Three Restaurants Everyone Clamors For - Berlin


And where to go when you can’t get in.
CAN’T GET INTO THIS ONE?
Tim Raue
Rudi-Dutschke-Strasse 26; 49 30 25 93 7930 
“No one in Berlin is doing what Tim Raue is doing,” says Suzan Taher of the blog Foodie in Berlin.
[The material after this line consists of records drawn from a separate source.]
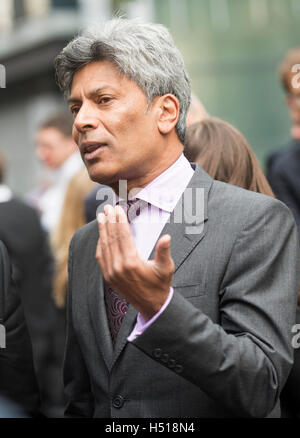 Alta Corte, Fetter Lane. Pic mostra Restauranter Des Gunewardena leavingthe Alta Corte ha citato in giudizio il gruppo Conran per £ 3 milioni di euro per azioni Credito: PAOLO GROVER/Alamy Live News Foto Stock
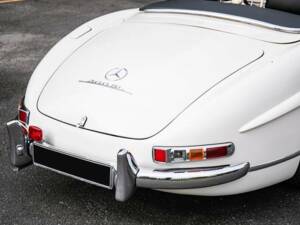 Image 6/29 de Mercedes-Benz 300 SL (1999)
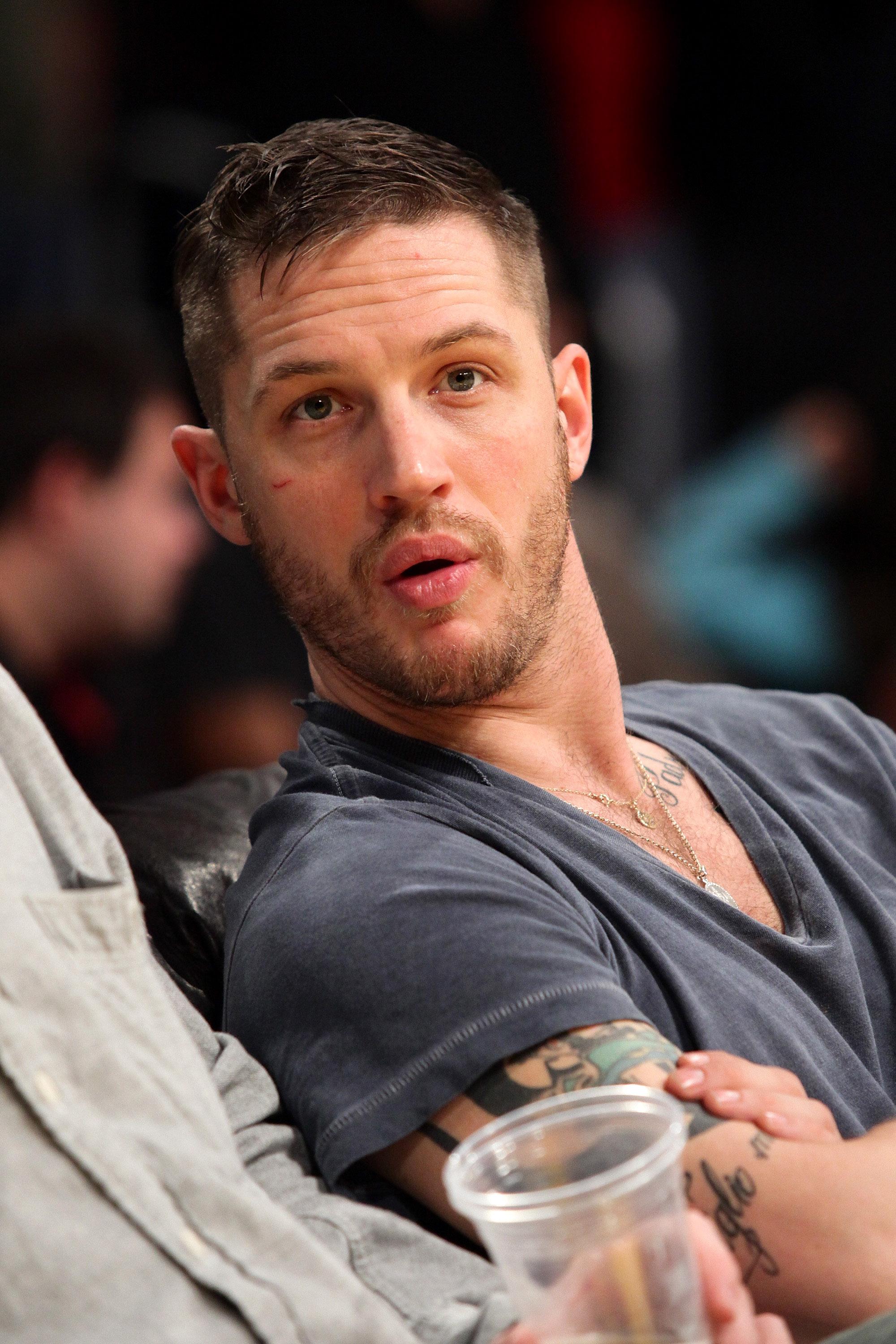2000x3000 Tom Hardy. HD Wallpaper, HD Image, HD Picture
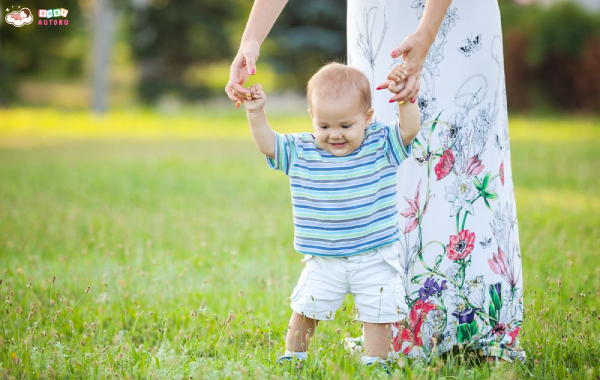 Hoạt động cho trẻ tập đi ngoài trời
Which is to say, cooking impeccable, avant-garde Chinese food in a space that “looks like a Scandinavian airport lounge from a Bond movie.”
TRY THIS ONE
Dos Palillos
Rosenthaler Strasse 53; 49 30 20 00 3413
Despite scoring ex–El Bulli chef Albert Raurich, the year-old Asian tapas spot Dos Palillos is “not hushed or reverent at all; you could go in jeans.” The prices fit the casual vibe (thirteen plates, €55), as do the bar seats: “You can practically reach out and touch the cutting boards.”

CAN’T GET INTO THIS ONE?
Little Otik
Graefestrasse 71; 49 30 50 36 2301
“My favorite place to eat,” says Hilda Hoy, editor at e-mail magazine Sugarhigh. The farm-to-table American spot, which looks “like a cross between a farmhouse and the hold of a ship,” opened last summer after a yearlong stint as an apartment supper club.
TRY THIS ONE
Noto
Torstrasse 173; 49 30 20 09 5387
For a similarly intimate, home-cooked affair, Taher recommends Noto, an art-world favorite whose weekly menu offers bold German fare with Mediterranean accents. “They really get it with their savory plates. The thing to order is the veal spareribs. Definitely a sharing plate.”

CAN’T GET INTO THIS ONE?
Reinstoff
Schlegelstrasse 26C; 49 30 30 88 1214
“One of the most interesting and original places in the city,” says Taher. Young Michelin-starred chef Daniel Achilles begins with “fun amuse-bouches like tiny waffle cones filled with fish eggs” before moving on to mains like “an incredible confit of lobster.”
TRY THIS ONE
Lavanderia Vecchia
Flughafenstrasse 46; 49 30 62 72 2152 
Like Reinstoff, it is located in the back of an anonymous building. “They give you a whole smorgasbord of splendid appetizers,” says Hoy. “It’s really popular, but so off-the-beaten-path that it still feels like a secret.” Plus it’s cheap: Four courses, with wine, runs €39.